I would say that apart from being female I have pretty much every privilege going. I am white, educated, physically and mentally healthy, wealthy, straight, happy in my own body, have experienced no great traumas and I am still relatively young. I grew up loved and cherished in a happy, healthy, wealthy family too. Oh and I have lived pretty much all my life in two democratic, stable, rich and relatively free countries.

My parents have strong Christian values which brought a few issues, but gave me a strong identity as unique and special and also a strong sense of obligation to do good things with my life, especially given all my advantages and blessings [I'd probably use privileged here because I am an atheist, but I think that in some ways blessings is more appropriate, as all these advantages were in no way earned, but given].
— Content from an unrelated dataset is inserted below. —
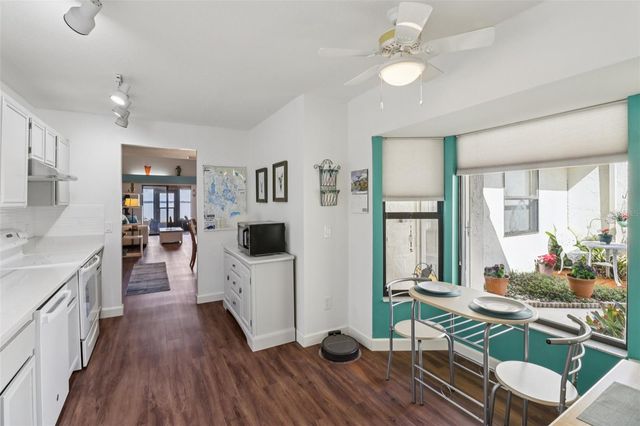 2225 CYPRESS COURT 2C, Tavares, FL 32778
My dd is probably more empathetic than me, but I don't think that's because she isn't heterosexual, I think it has more to do with our different natures. I am much more analytical and she sees things more through an emotional lens. I'm a 'look at the evidence' and the big picture, she is more what about 'x' person's experience. I also think that's a youth vs experience/age viewpoint. I certainly know my opinions have become much more informed (or radical I suppose) in the last decade or so.

To me the important thing is to acknowledge your biases and give space and listen to other people (even if you don't agree with them). But also not to feel that your own thoughts don't have value, they just reflect and are shaped by your experience, exposures and learning.